Вот о чём я думаю, стоя в комнате, оклеенной старыми газетами, в которой не смолкает детский хор из старого телевизора. Это, собственно, одна из знаменитых сцен фильма о трёх товарищах. Обычно цитируют другой диалог, разговор с убитым на войне отцом, который так не понравился Хрущёву, а вот разговор с другим отцом, которого Виктор Некрасов несправедливо назвал «зажравшимся товарищем», происходит среди вечного ремонта, в этой комнате, оклеенной газетами, под тревожный аккомпанемент детского хора.
«— Я не верю в тех, кто слишком много острит в юности. Мне нравится, что вы молчите, Сергей. Я тоже молчал и слушал. Иногда люди говорят очень полезные вещи. Разговор у нас не лёгкий, и я, естественно, волнуюсь. И, может, поэтому говорю... Я с некоторого времени потерял с дочерью общий язык.
— Бывает.
— Как вы относитесь к моей дочери? Я надеюсь, это серьезно?
— Да, это серьезно.
— Я хотел бы вам верить. Вы можете мне верить. Конечно, лучше вам было бы остаться здесь, места хватит. Но ладно, не будем больше об этом. Мне трудно судить, и потом, есть вещи, в которые я не вправе вмешиваться. Она тут нашумела, ушла. Вы садитесь. Она не может понять одной вещи. Я ведь хочу ей добра, счастья, чтобы жизнь сложилась нормально, хорошо, спокойно. В последнее время у неё это не очень складно получалось. Очевидно, вам это известно. Вот что я вам скажу. Наверное, я никому бы этого не говорил. Вы, как бы вам сказать, вы человек перед дорогой, вы оба. Для каждого из нас наступает день, когда нужно задуматься, что-то решить важное. Как в сказке. Камень, а на нем — пойдешь налево, пойдешь направо, пойдешь прямо. Наверное, вам приходили в голову такие мысли.
— Откуда вы знаете?
— Почему бы мне не знать, дорогой мой? Знаю. Потому что вы только начинаете идти, а я уже отмахал порядочный кусок. Иногда мне везло больше, иногда меньше, иногда совсем не везло. Так вот, учтите, надеяться вы можете только на себя, никто вам не поможет, ни один человек. Людям, в общем, наплевать друг на друга, как ни печально в этом признаться. Я знал и знаю людей. Взять кое-кого у меня в тресте. Я общаюсь с ними по работе и имею возможность наблюдать их внимательно и давно. С некоторыми мы даже вместе начинали. И вот из них ничего не вышло, не получилось. Потому что они чего-то не поняли, растерялись. Ах, ребята, ребята, как вы ещё наивны, как вы еще мало знаете жизнь. А в жизни есть простые и грубые вещи, такие, скажем, как зарплата, квартира. Я понимаю, вы, наверное, стыдитесь об этом говорить, это, так сказать, слишком прозаично. Но от этого никуда не денешься, и с этим приходится считаться, поверьте уж мне.

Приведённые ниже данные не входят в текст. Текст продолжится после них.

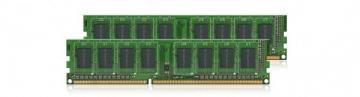 Memorie Exceleram 8192 MB DDR3 1333Mhz 9-9-9-24, Dual Channel (2x 4096 MB), 1.5v, E30113A - Pret | Preturi Memorie Exceleram 8192 MB DDR3 1333Mhz 9-9-9-24, Dual Channel (2x 4096 MB), 1.5v, E30113A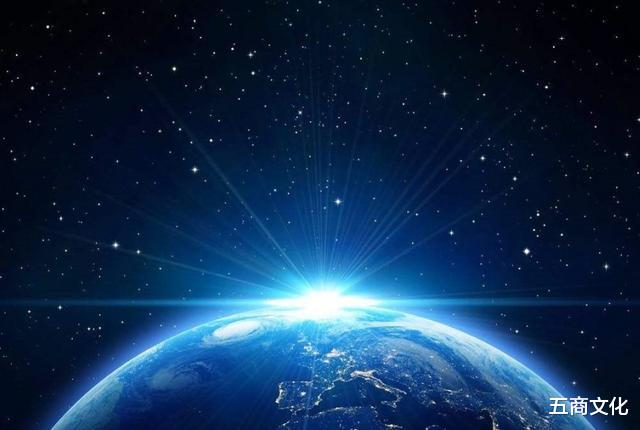 苹果|52家科技公司公开与白宫唱反调，苹果微软：拒绝人才就是自掘坟墓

— Так какую же дорогу вы мне предлагаете?
— Да ничего я вам не предлагаю. Это уж вы решайте, как говорится, сами. Сами решайте. Вот так-то, дорогой мой«.

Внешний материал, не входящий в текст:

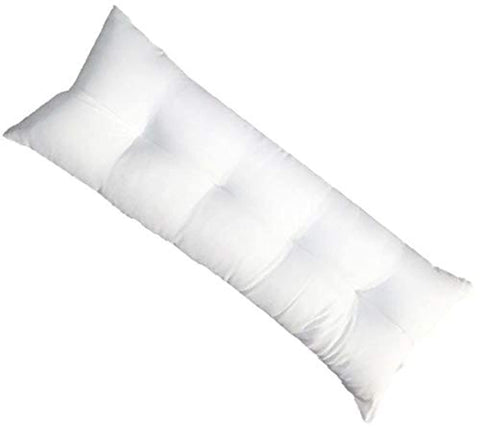 Fiber Pillow (160x42cm)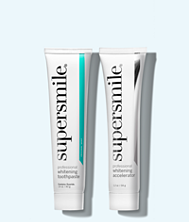 Smileページ SIMWORKS To Smile Bar – SimWorks Online Store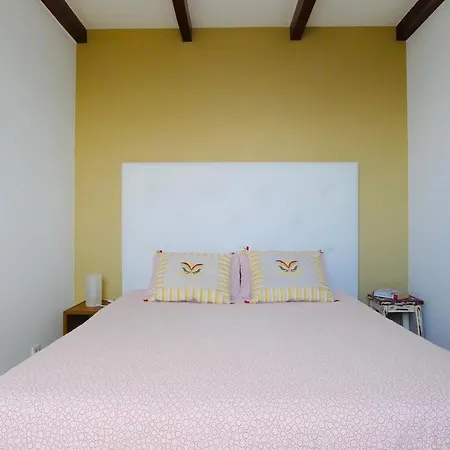 Atlantis Casa vacanze *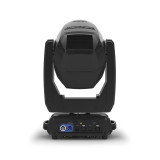 Cabeza 251W CHAUVET DJ INTIMIDATOR Hybrid 251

Это, собственно, тот же разговор, который происходит у героя с убитым отцом в воображаемой землянке: «Ине — двадцать, тебе — двадцать три. Как я тебе могу советовать?» * — Шпаликов Г.Мне двадцать лет // Шпаликов Г.Избранное. — М.: Искусство, 1979. С. 75.
Исчезнувшая культура ничего не подсказывает, она может только пересказать себя, обнаружиться старым телевизором в дачном сарае, продовольственными карточками, забытыми в книге или фразами, которые катают на языке стареющие хипстеры. Хорошо, если тебе достаётся наследство, но великое счастье, если доведётся с умом им распорядиться. Продать дачу или завод легко, куда труднее пустить в дело веру и надежды предков. «Пустить в дело» — выражение старое, куда древнее, чем советская власть.
Решать всё время приходится самому, прямо хоть монетку бросай. И монетка падает, а потом катится, как известно, звеня и подпрыгивая.